Another ARCspace project is currently in the middle of construction to be delivered and to be on display this month in downtown Los Angeles. The display will run six months and will allow the city to have a rapid affordable housing solution as a living lab to understand water and energy use as an ongoing opportunity to test clean technology.

“With ARCSpace, they have thought of the delivery of utilities and innovative ways to do that,” said Elizabeth Selby, who serves as housing innovation, senior project manager at Los Angeles’s Office of Mayor Garcetti. “They are thoughtful and creative. They are putting a prototype up and then we will do a virtual tour of it.

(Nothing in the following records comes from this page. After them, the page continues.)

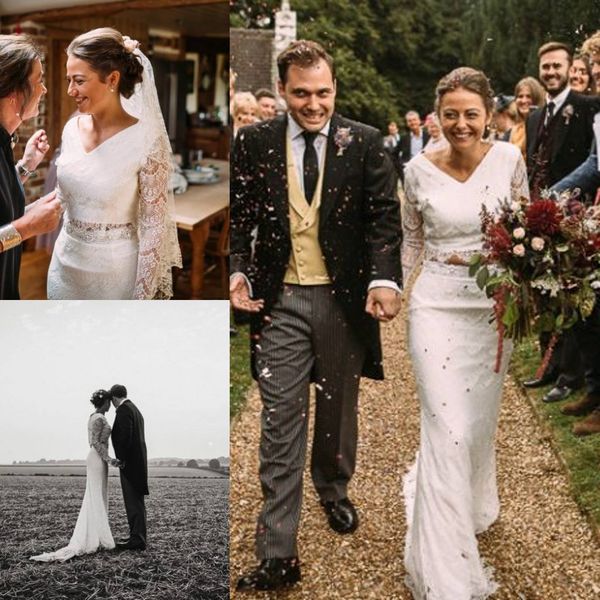 2019 garden wedding dresses v neck long sleeves lace appliques bridal gowns vestidos de noiva country plus size wedding dress real image, White
2019 garden wedding dresses v neck long sleeves lace appliques bridal gowns vestidos de noiva country plus size wedding dress real image, White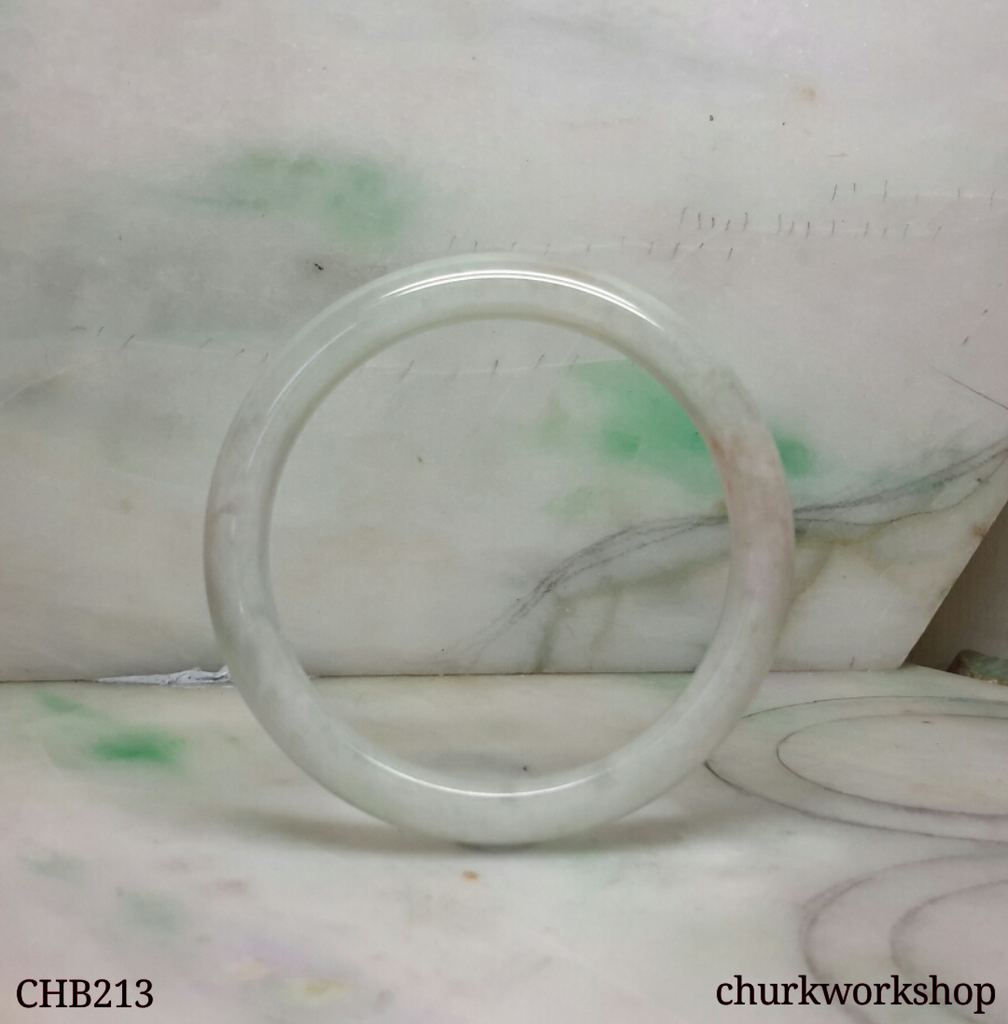 Pale green and lavender jade bangle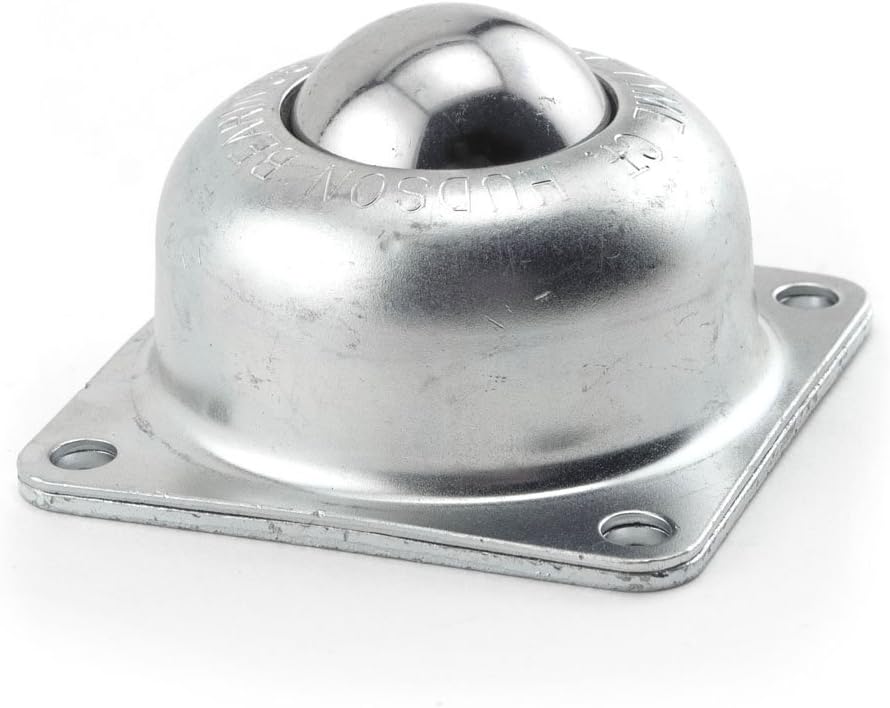 Hudson Bearings BT-1-1/2 Four-Hole Flange Mounted Ball Transfer, Stainless Steel, 1-1/2" Diameter, 250 lbs Load Capacity (Case of 4)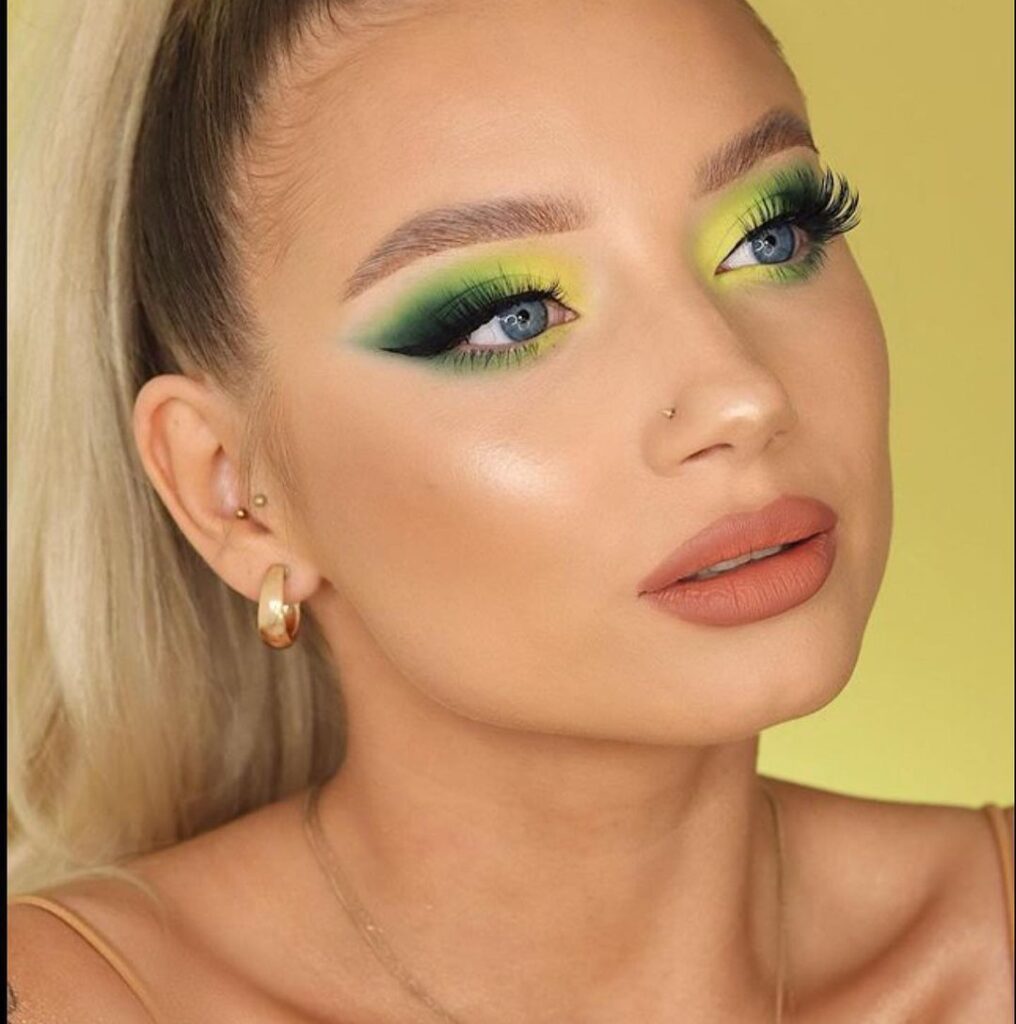 sombras verde e amarelo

When we look at prototypes like this, it allows us to have a conversation about how to scale it.”

While Selby is attracted to innovative ideas, she admits that there are challenges when they get into the details. However, if the concept is a success, there is the opportunity to get more support from the city.

But the bottom line is that California needs housing and needs it now. So, the self-sustaining and temporary elements of the ARCspace solution are critical to bring it online fast.

Johnston and the ARCspace team are working on getting private funding, along with unused property owned by the city, to provide 480-square-foot homes that demonstrate rapid density. There are 600 unused sites currently identified across the city, where he can spend the next couple years delivering four-unit communities.

“Now that we are fully operational with many projects in the pipeline and ready to scale, we have begun conversations with investors about a seed round to accelerate our expansion and meet this critical need faced by our nation,” said An De Vooght, co-founder and global advisor overseeing investor relations and partnerships at ARCspace. “The pandemic has changed the face of housing worldwide, creating a massive market opportunity for social entrepreneurs willing to tackle this issue. I am excited that we can bring a triple-bottom line solution, and that we can do it now.”

The bottom line is that there is a huge, urgent demand for housing across the country. The self-sustaining and temporary elements of the ARCspace solution could bring affordable housing solutions online fast.